On Thursday of last week, Mitt finally gave a much anticipated speech on religious freedom and the Mormon religion.

Although the reviews of the speech were not universally positive, they were very good and they were everywhere in the blogosphere, on talk radio, and even at the top of the Drudge Report.

Even though only a relatively small number of Republicans actually heard the speech, you have to figure, given the coverage that it received, that a large number of them heard positive things about the speech.

So, did Mitt get a bounce out of the speech? According to the Rasmussen Reports Daily Tracking poll, not so much.

On the day he gave the speech, he was at 12%. Since then, he has been at 13%. Does a 1% increase even count as a bounce? Not really...and that's bad news. Let me tell you why.

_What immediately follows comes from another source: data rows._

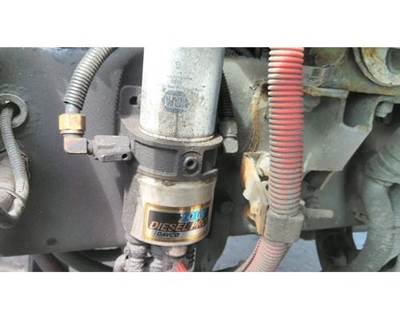 Davco M2 106 Left Fuel / Water Separator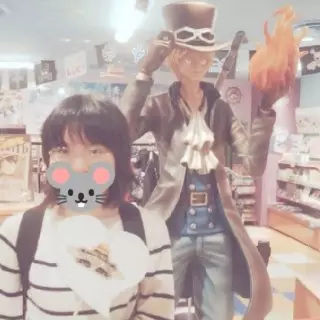 ライブでゴーゴー/ノンアダルト/モモンガ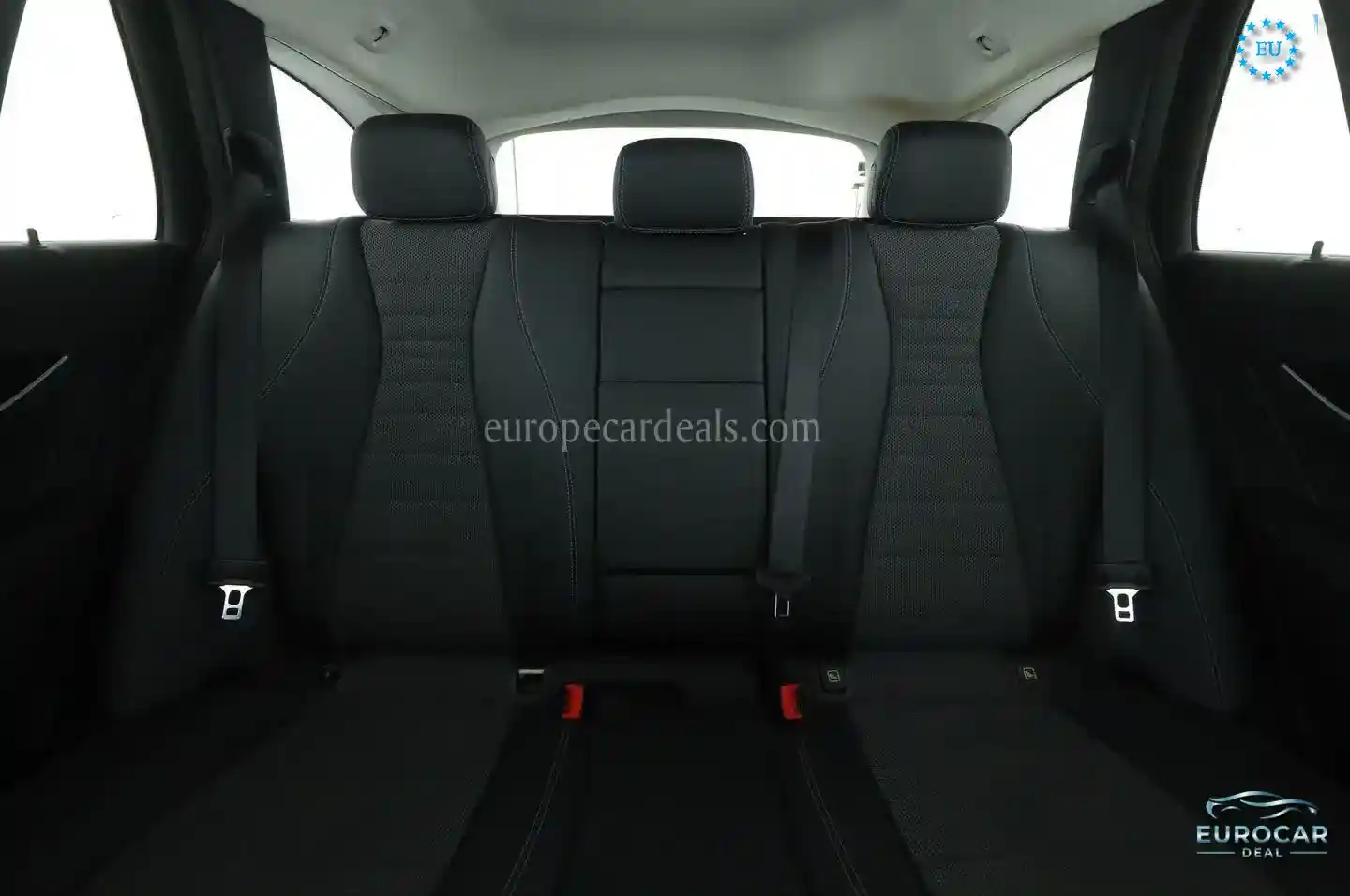 Mercedes-Benz E 400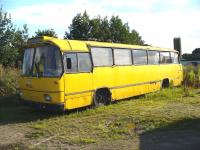 1967 DEUTZ 150LS12 Bus (Ex-Post)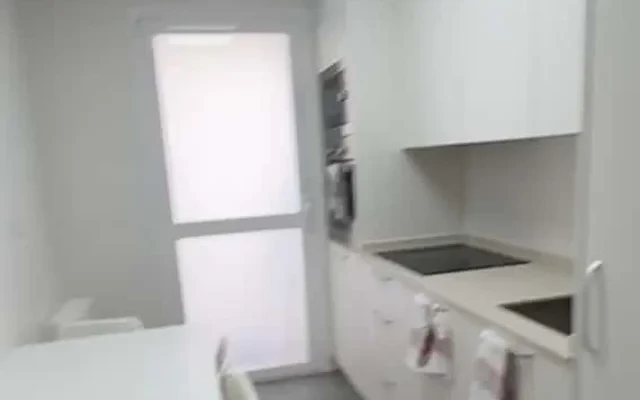 Piso moderno y centrico 2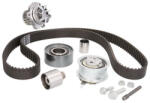 Hepu Kit Distributie + Pompa Apa Hepu Volkswagen Passat B6 2005-2010 PK05691 (KITDISTRIBUTIE1596)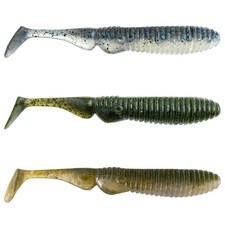 Illex Ammonite Shad Esca In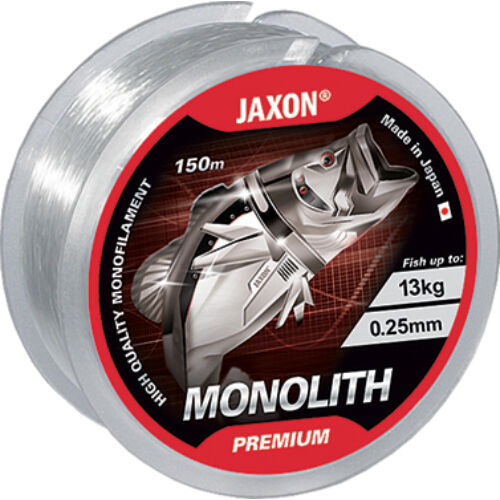 Jaxon monolith premium line 0,25mm 150m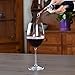 Wine Aerator Set of 2 with Vacuum Pump Stopper-Premium Aerating Spout Great Gift Idea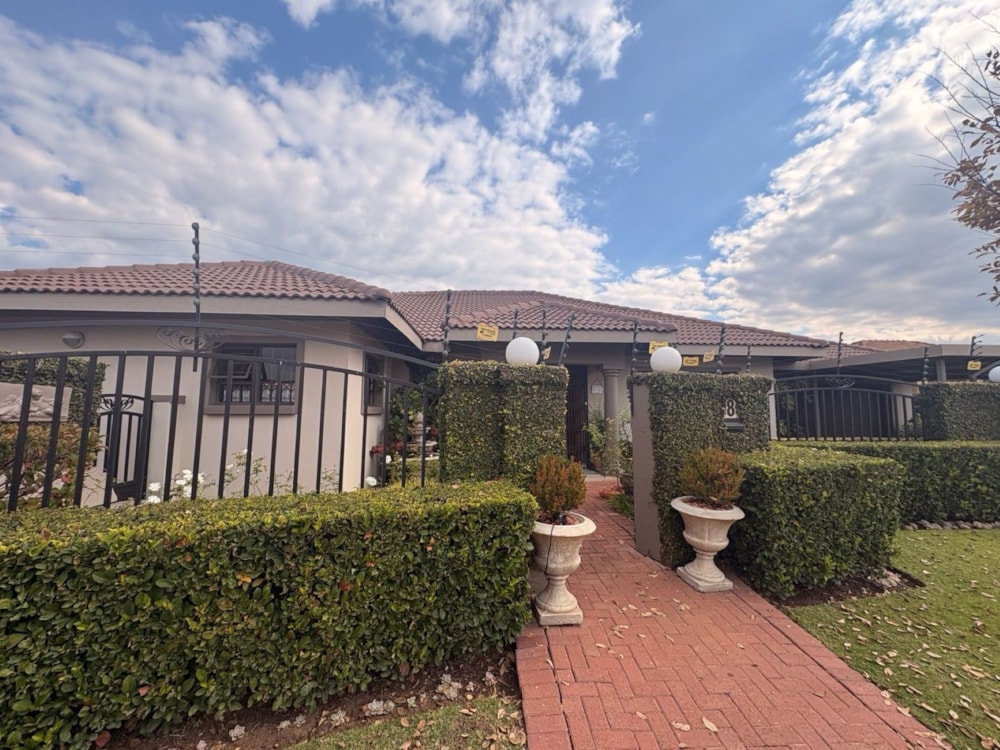 House for sale in Baillie Park - 1PCH1740897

Initially, my thought was that Mitt would probably get a temporary bounce from the speech and then would go back to normal. However, given that Mitt didn't even get the sort of temporary bounce you'd expect from a glut of positive coverage, I think John Podhoretz may have been right and Mitt may have damaged himself with the speech. In other words as I wrote on Friday,

"So, according to the study, Evangelicals (who are an extremely large and important group of primary voters) dislike Mormons almost as much as atheists, but half the country, including presumably, half the Evangelicals didn't know Romney was a Mormon.

In other words, in effect, what Romney may have just done with the speech is run an enormous negative ad against himself that could, after the bump he gets from the positive speech coverage, cause him to dip below his previous numbers."

Time will tell if that theory is correct.